Raspberry season has arrived and I was up to the farm this week (www.hutchinsonfarm.ca) to buy a flat of 12 pints (yes 12!) of my favourite summer fruit. They are absolutely scrumptious! Now, before our family devours all of these precious berries (yes I do share with my parents and grandmother!), I had to make my annual batch of Raspberry Freezer Jam.
Raspberries couldn’t be easier to prepare for jam because they require no preparation other than a gentle rinse in a colander. Grab your favourite package of Freezer Jam gelling powder and 1 1/2 cups of granulated sugar and follow the directions for your 4 cups (approx 2 pints) of fresh raspberries.

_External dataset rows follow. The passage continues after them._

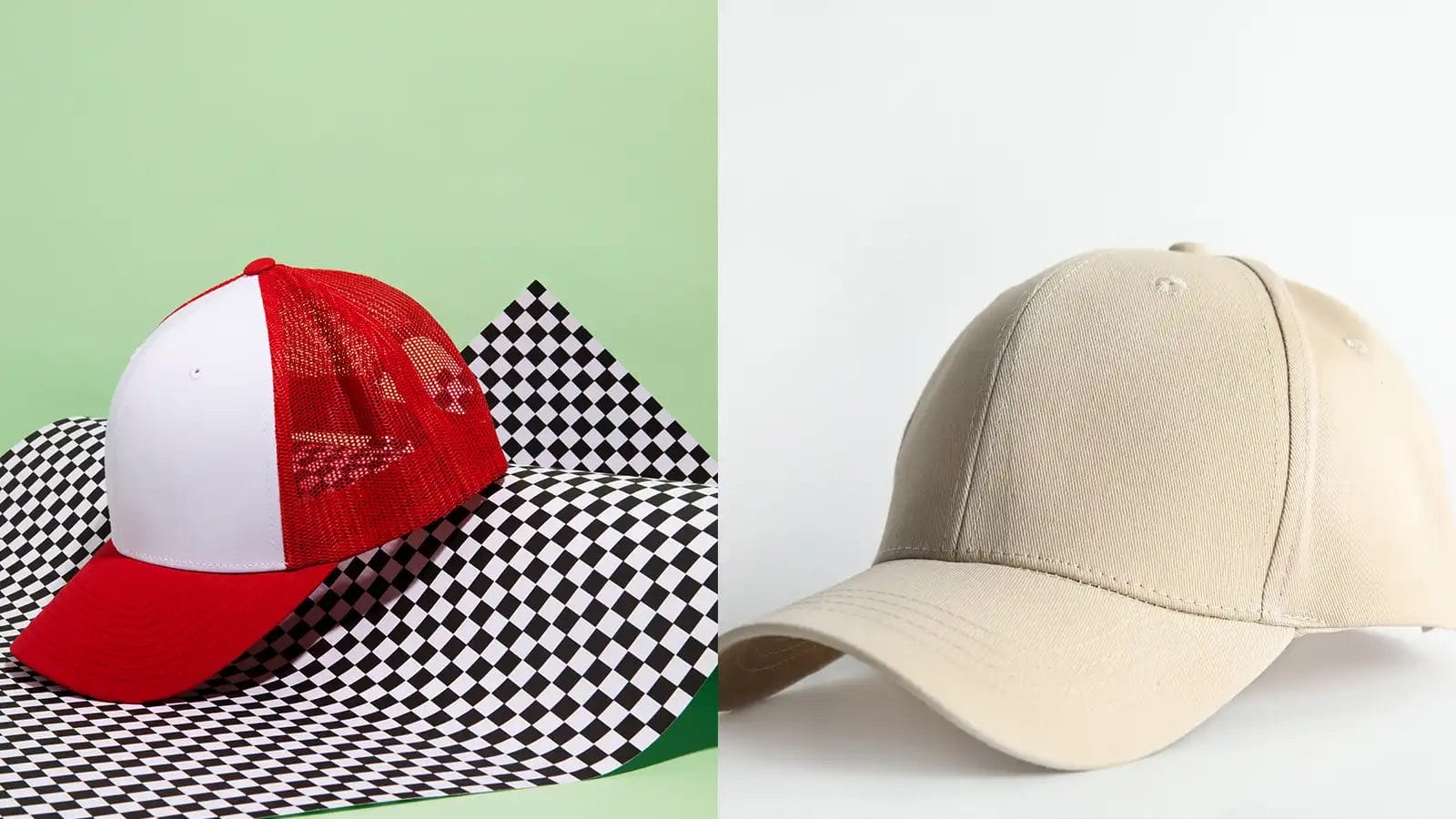 Trucker Hats Vs Baseball Caps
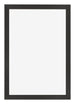 Photo Frame 30x45cm Black Matte MDF Bologna Front | Yourdecoration.co.uk
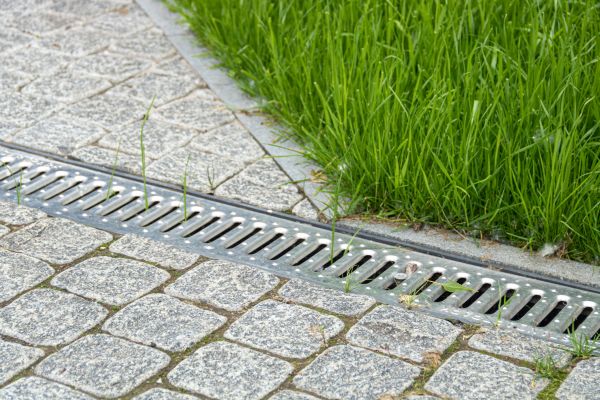 Drainage Pipe Installation in Tempe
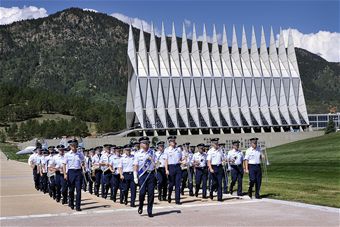 The United States Air Force Academy Band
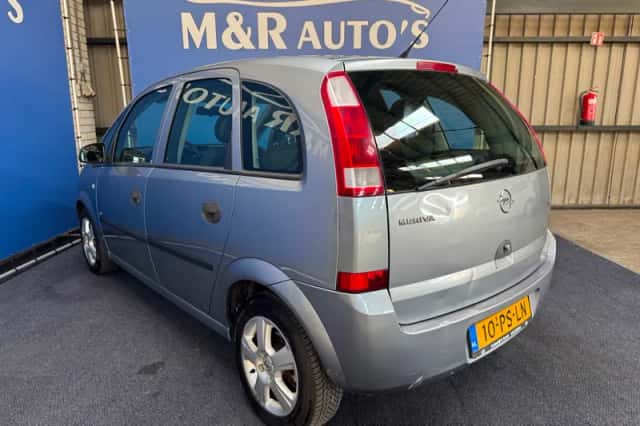 Opel Meriva (2004) thumbnail 6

Like my Strawberry Freezer Jam I posted earlier, I once again used Club House Garden Fare No Cook Freezer Jam gelling powder as that has given me great results both before and after freezing.
Once jarred, store the jam in the refrigerator and use within 6 weeks, or freeze for up to one year.
One batch of raspberry freezer jam yielded 12 – 125ml jars (pictured above).
Note: Freezing Raspberries
I wanted to add a note about freezing raspberries as I love to add fresh summer frozen berries to smoothies, yogurt, baked goods, etc.
To freeze raspberries lightly rinse very gently (I do it in a sieve) and then lay out individually on a paper towel to dry (holes down so any water drains out).
Line a baking sheet with parchment paper and arrange raspberries on the parchment paper so that they are not touching each other. Place the entire baking sheet in the freezer and let the raspberries freeze for approximately 1-2 hours.
Once frozen place all of your individually frozen berries in a good quality freezer bag and pop in the freezer to enjoy during non-berry season!